Participants at the forum titled “Legislative Transformation of the Federal Commercial Companies Law”, organised by the Abu Dhabi Judicial Department, discussed recent legislative developments regulating the operation of companies, as well as mechanisms for utilising these amendments to enhance the stability of commercial transactions and improve the efficiency of dispute resolution, thereby supporting the flexibility of the business environment and strengthening its competitiveness.

The organisation of the forum forms part of the Abu Dhabi Judicial Department’s commitment to keeping pace with legislative developments and enhancing legal awareness of the provisions of the Commercial Companies Law and its amendments. This is achieved through the presentation of practical models and judicial examples that reinforce a practical understanding of the newly introduced provisions, thereby consolidating an advanced judicial system aligned with the requirements of sustainable economic development.

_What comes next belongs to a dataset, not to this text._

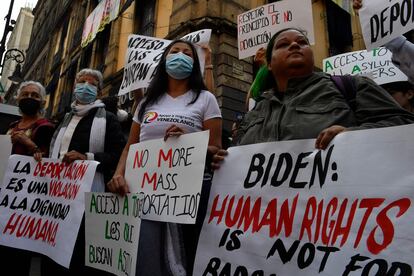 Manifestantes en el centro de la Ciudad de México, durante el traslado de Joe Biden a Palacio Nacional, el 10 de enero de 2023. 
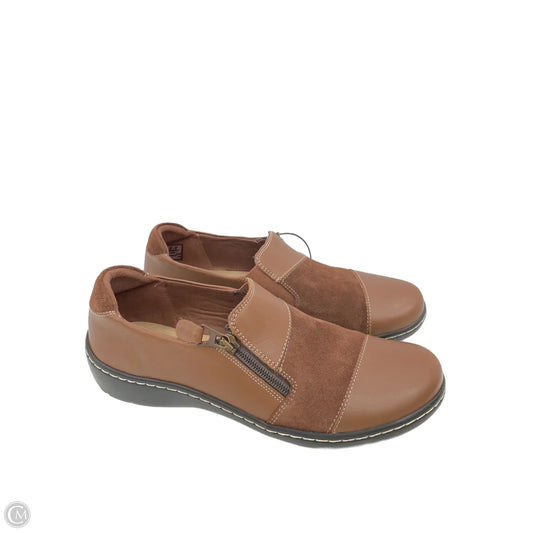 Shoes Flats By Clarks In Brown, Size: 10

The forum, which was held via the virtual platform of the Abu Dhabi Judicial Academy, witnessed broad participation from experts and specialists from within the UAE and abroad. It was attended by a number of judges, members of the Public Prosecution, lawyers, legal consultants, and investors.

The forum addressed the legislative dimensions of the amendments issued under Federal Decree-Law No. (20) of 2025 concerning amendments to certain provisions of the Commercial Companies Law, with particular focus on the practical aspects relating to the management and activities of companies, and the resulting implications for commercial disputes and their adjudication before the courts.

The sessions also examined a number of key themes, including the scope of application of the law and the associated exceptions, particularly in relation to free zones and financial free zones. They further discussed the legal requirements for the incorporation of companies, such as the necessity of formal documentation of contracts, the adoption of electronic signatures, and the legal implications that may arise for partners or for parties dealing with the company.

In addition, the sessions addressed contractual rights in limited liability companies and private joint stock companies, including mechanisms for the orderly exit of a partner or the admission of new partners, as well as the handling of the shares of deceased partners, in a manner that ensures business continuity and prevents disruption to the company’s operations.

In the same context, participants reviewed new legislative provisions permitting the transfer of a company’s registration from one authority to another within the State without the need for dissolution, allowing the company to continue as an existing legal entity. The discussions also covered governance rules, management responsibilities, and the penalties that may be imposed in the event of non-compliance.